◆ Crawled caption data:
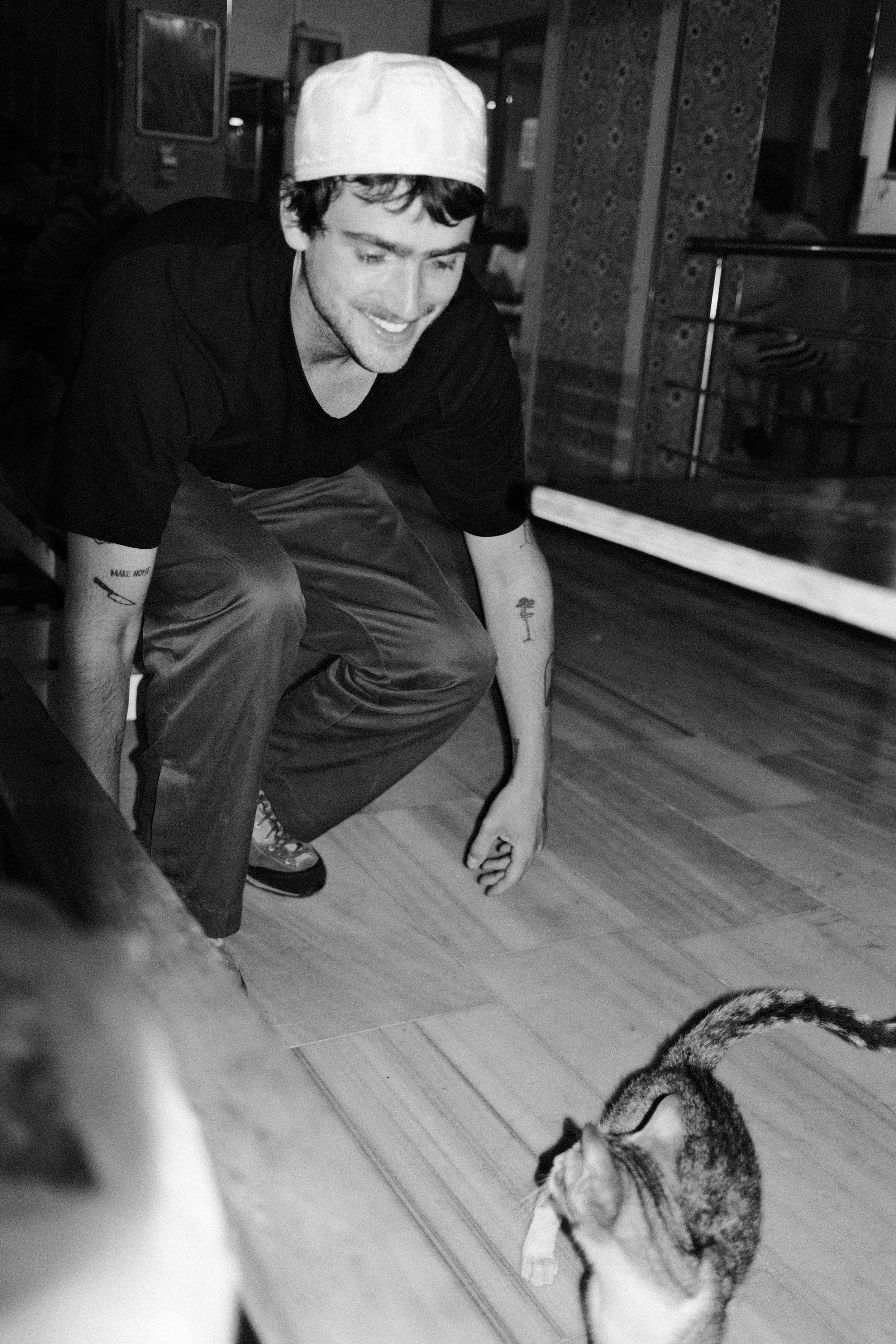 A man wearing a chef's hat crouches down, smiling at a cat sitting on the wooden floor, with another cat partially visible in the foreground.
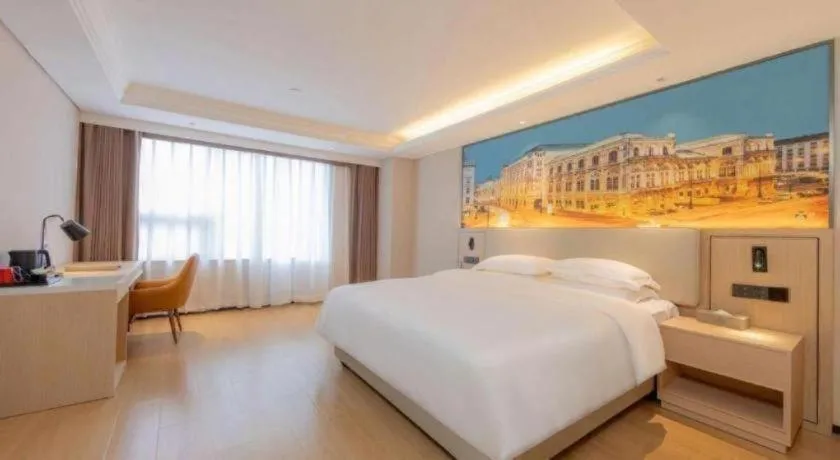 Bed in Vienna International Hotel Guangzhou Huangpu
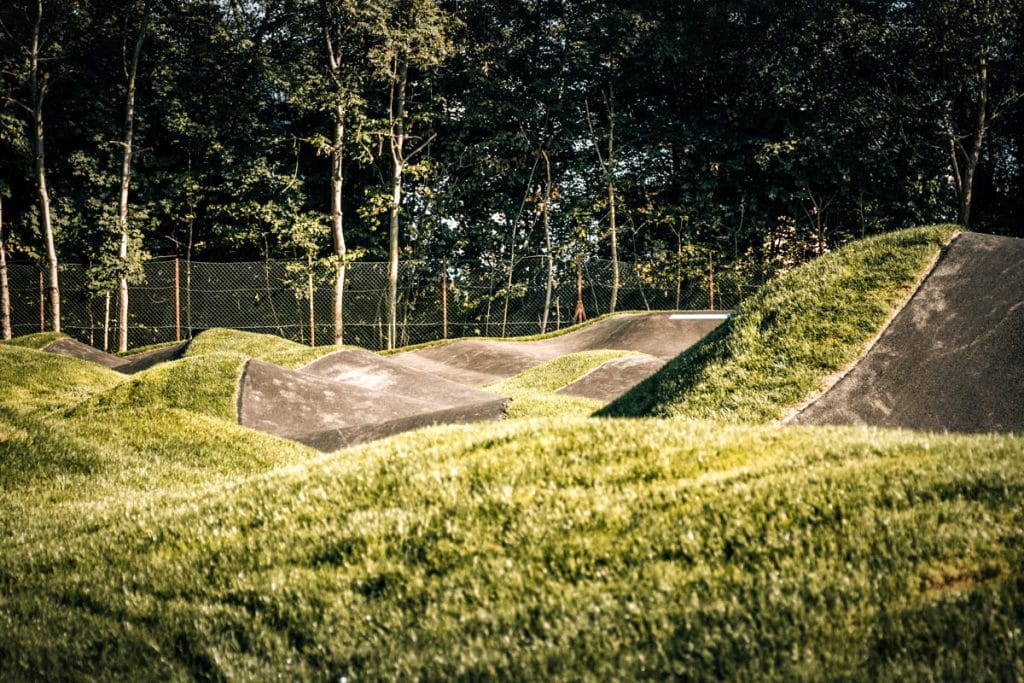 Welchen und Kurven von einem Pumptrack mit grünem Gras im Vordergrund und entlang der Strecke. 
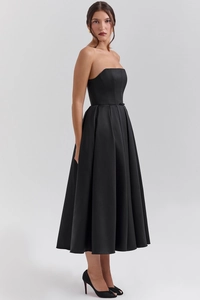Detail of elegant black strapless corset midi dress with structured seams and satin finish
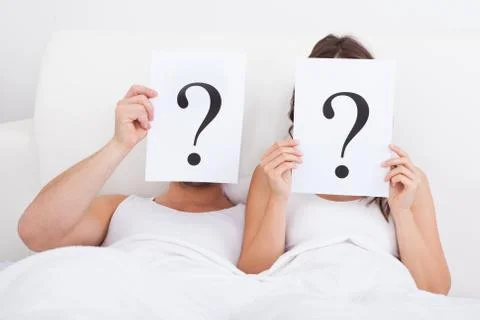 Couple lying on bed holding question mark on face Stock Photos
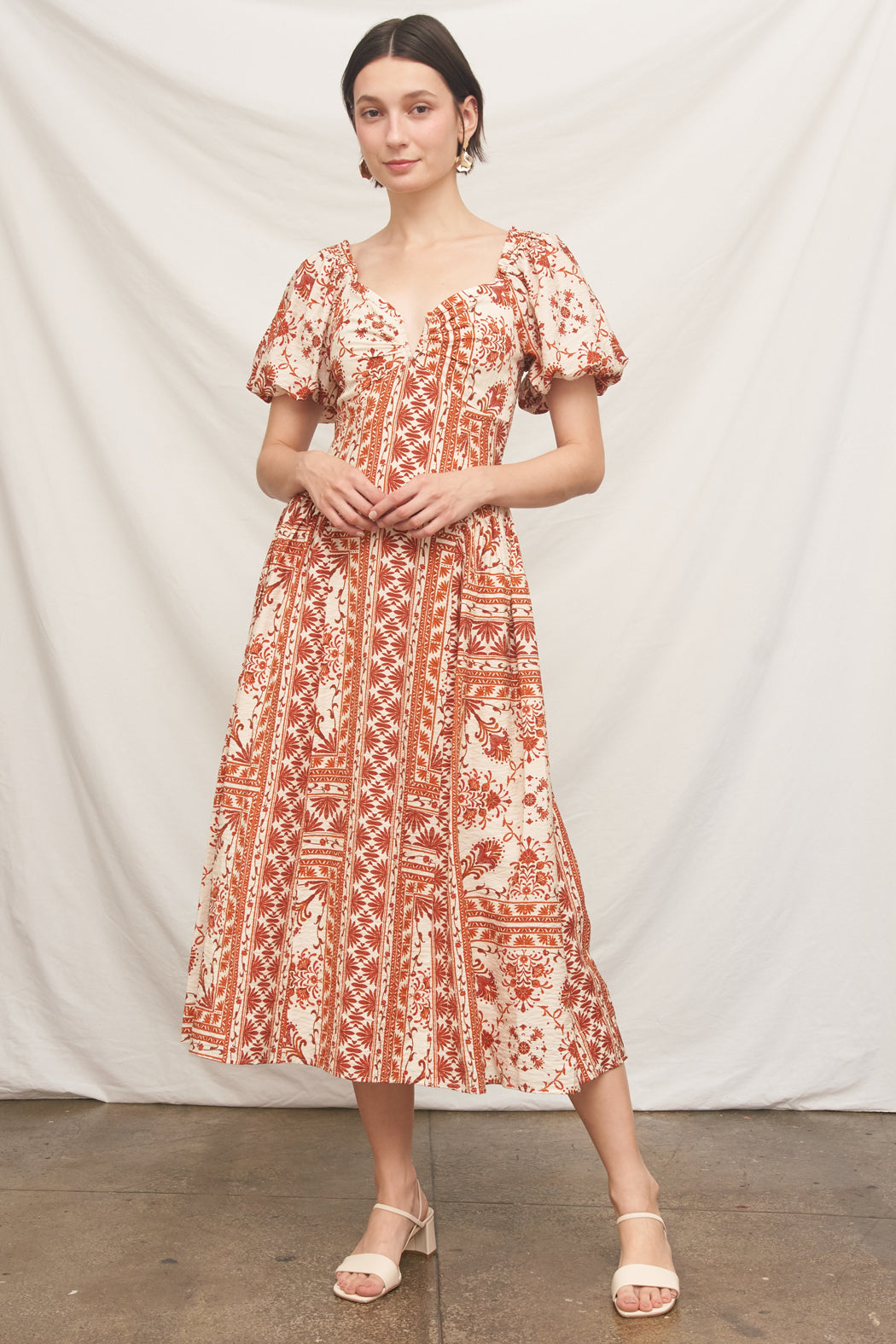 A woman modeling a short puff-sleeve midi dress with a rust-orange and cream floral/ornamental print, standing against a draped white fabric backdrop.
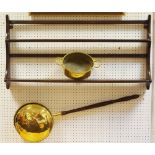 An Ercol wall mounted plate rack; a brass warming pan and two handled pan.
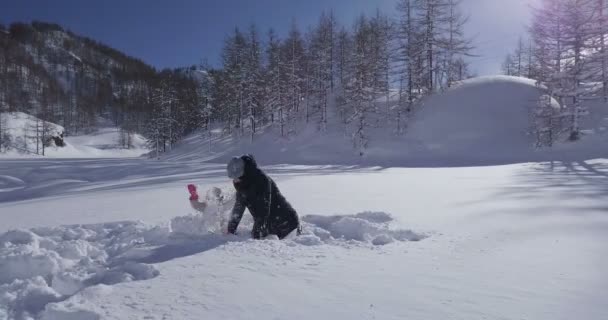 山の中で雪遊びをしている母と娘のビデオ — ストック動画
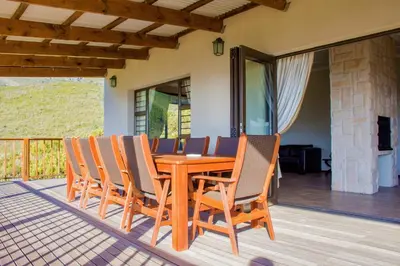 a wooden dining table and chairs on a deck at Vredehoek Guest Farm in Breerivier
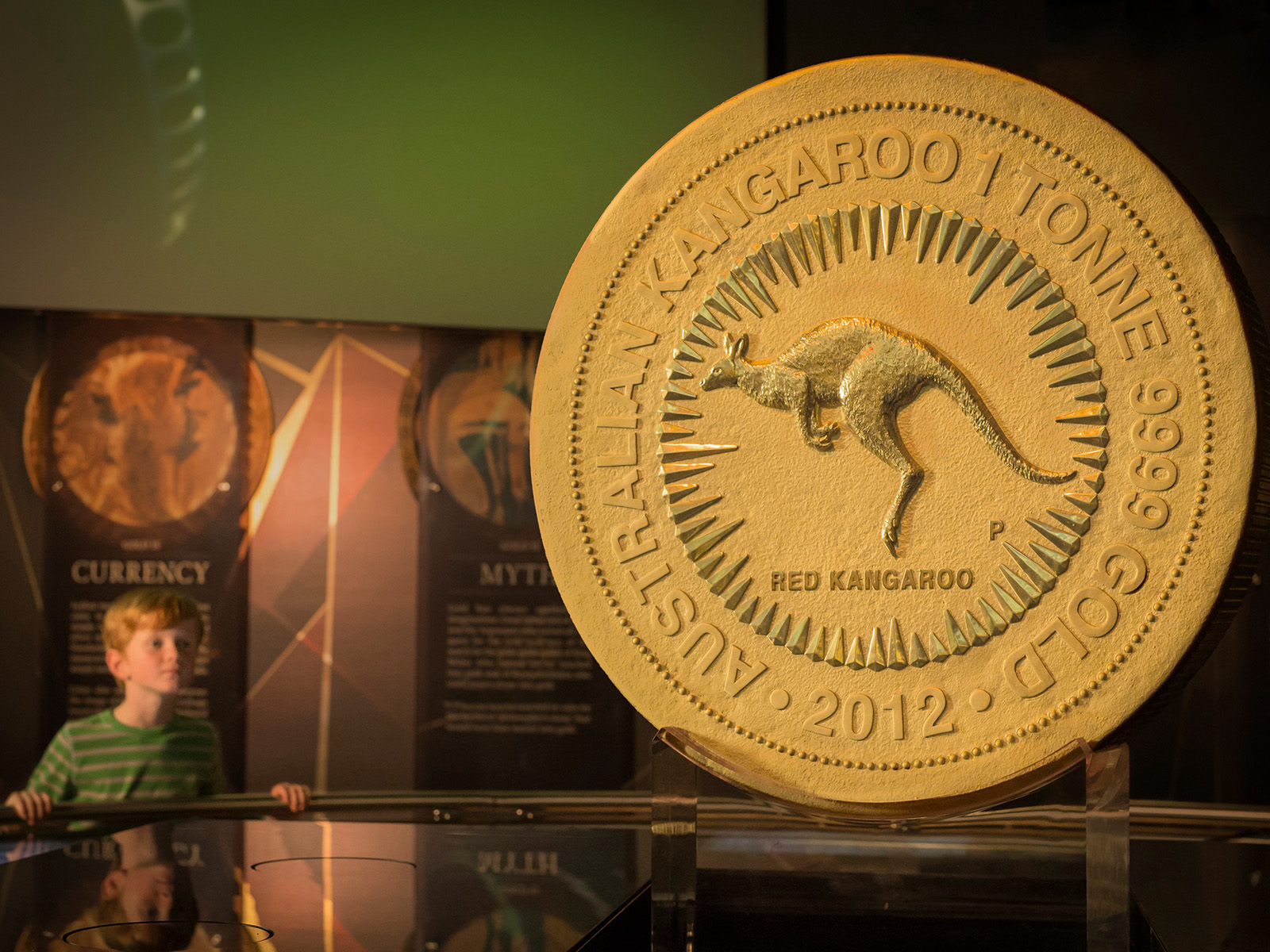 A young boy in a museum gallery looking at a large gold coin weighting one tonne. The coin has a jumping red kangaroo design in the centre with a circle of rays around it and the inscription 'Australian Kangaroo 1 Tonne 9999 Golf 2021'.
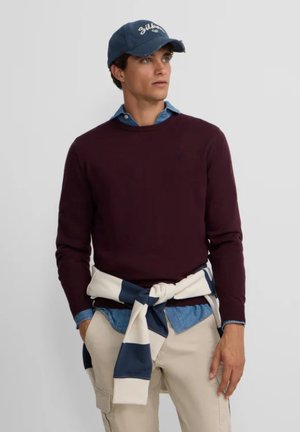 Suéter de punto burdeos sobre una camisa de botones azul claro, con un suéter a rayas crema y marino atado a la cintura y pantalones beige.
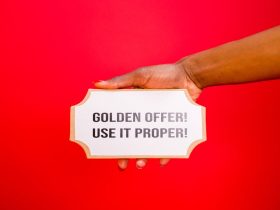 A Hand Holding a Signage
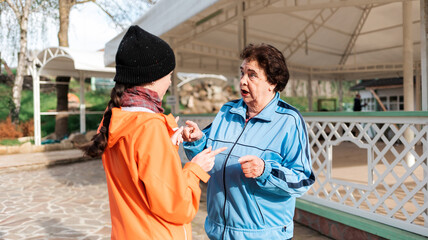 A grandmother and an adult granddaughter communicate on the street. Outdoor. The concept of the...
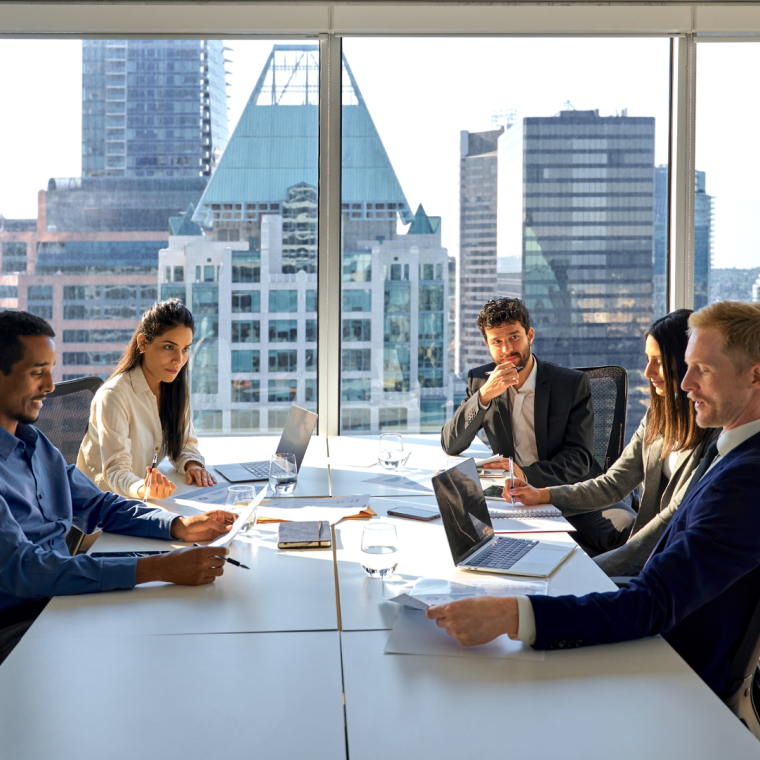 Multiethnic professional busy employees and executives board team people at group meeting discussing work results managing company project plan working together in modern board room office.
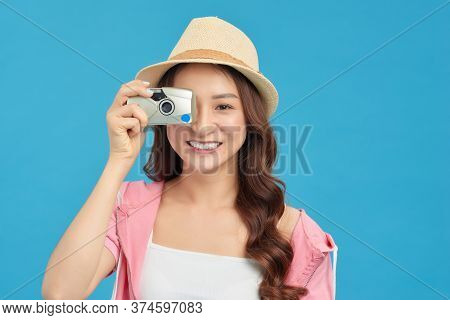 Attractive Energetic Asian Woman Happily Holding Cemara Isolated On Blue Studio Background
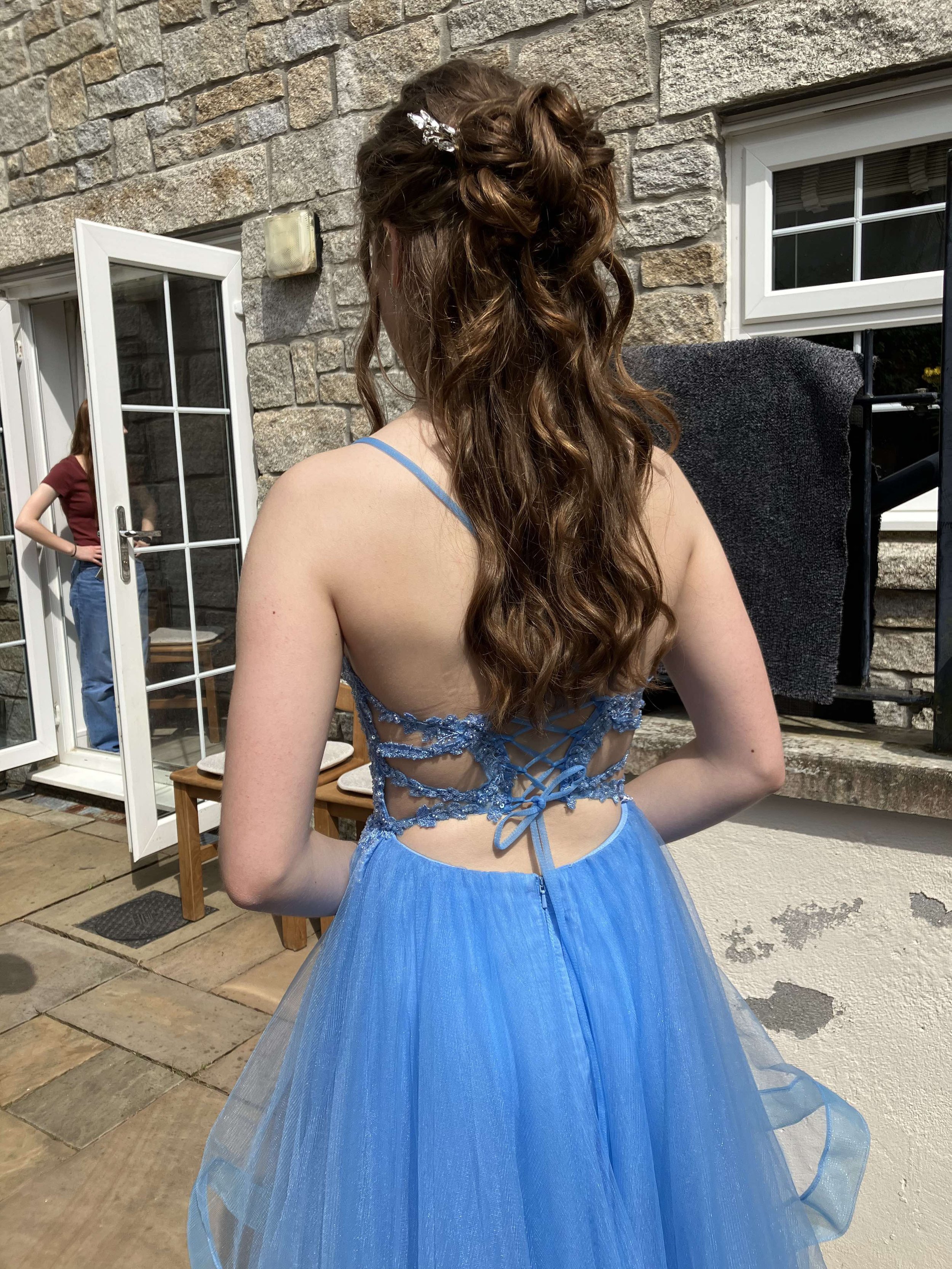 Young woman in a blue dress with a lace-up back, long wavy hair, standing outside near a stone wall and open window. She is facing away from the camera.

◆ Aim of the exercise: Copy the records above precisely, and leave every image out of the copy.

◆ Exercise output:
 A man wearing a chef's hat crouches down, smiling at a cat sitting on the wooden floor, with another cat partially visible in the foreground.
 Bed in Vienna International Hotel Guangzhou Huangpu
 Welchen und Kurven von einem Pumptrack mit grünem Gras im Vordergrund und entlang der Strecke. 
Detail of elegant black strapless corset midi dress with structured seams and satin finish
 Couple lying on bed holding question mark on face Stock Photos
 A woman modeling a short puff-sleeve midi dress with a rust-orange and cream floral/ornamental print, standing against a draped white fabric backdrop.
 An Ercol wall mounted plate rack; a brass warming pan and two handled pan.
 山の中で雪遊びをしている母と娘のビデオ — ストック動画
 a wooden dining table and chairs on a deck at Vredehoek Guest Farm in Breerivier
 A young boy in a museum gallery looking at a large gold coin weighting one tonne. The coin has a jumping red kangaroo design in the centre with a circle of rays around it and the inscription 'Australian Kangaroo 1 Tonne 9999 Golf 2021'.
 Suéter de punto burdeos sobre una camisa de botones azul claro, con un suéter a rayas crema y marino atado a la cintura y pantalones beige.
 A Hand Holding a Signage
 A grandmother and an adult granddaughter communicate on the street. Outdoor. The concept of the...
 Multiethnic professional busy employees and executives board team people at group meeting discussing work results managing company project plan working together in modern board room office.
 Attractive Energetic Asian Woman Happily Holding Cemara Isolated On Blue Studio Background
 Young woman in a blue dress with a lace-up back, long wavy hair, standing outside near a stone wall and open window. She is facing away from the camera.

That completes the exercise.